Flowers and friendships, like most things in life, need care and love in order to flourish.


*The names Chloe and Irini have a direct translation from Greek, which means “Grass” and “Peace” respectively.

Excerpt from the press release:

In Boris Vian’s “Froth on the Daydream (L’Écume des jours)” a lily grows in the lung of the heroine, the doctor recommends that the patient surround herself with flowers. Flowers are both medicine and poison. The walls are rounded. The room narrows. The world around us grows dangerously small.

Once again the sound of war approaches us.

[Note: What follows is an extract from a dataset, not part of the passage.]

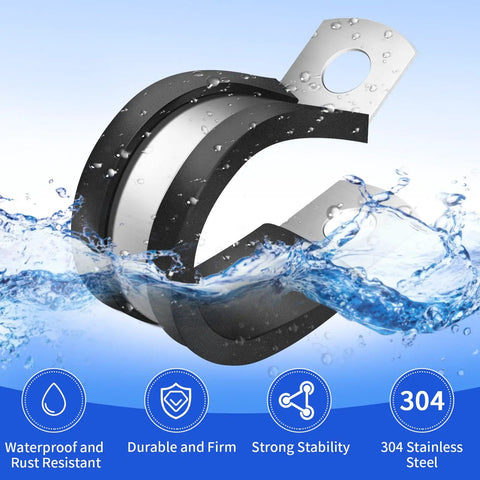 25 Pcs Rubber Cable Clamps Five Eighth Inch Stainless Steel Insulated Wire Clamps for tube pipe and hose installation with water splash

The exhibition “L’Écume des jours (Ο Αφρος Των Ημερων)  presents works by 40 contemporary Greek artists, with themes around the flower. We have all painted flowers since our childhood. All artists have at some point dealt with the theme of the flower, tracing its symbolism or simply capturing its beauty. Some works were pre-existing, some were adapted, and many were created for this exhibition. Thus all the works in the exhibition are “flowers from my friends “*, where not only the multifaceted symbolism of flowers is important, but also the significance of the gesture itself. Works as diverse as their creators.

The result, an imaginary garden in bloom from April 19 to May 21, 2022, at Gallery 7, in Athens.

*In 1990 Alexis Akrithakis exhibited “Flowers for his suicidal friends” at Gallery 7.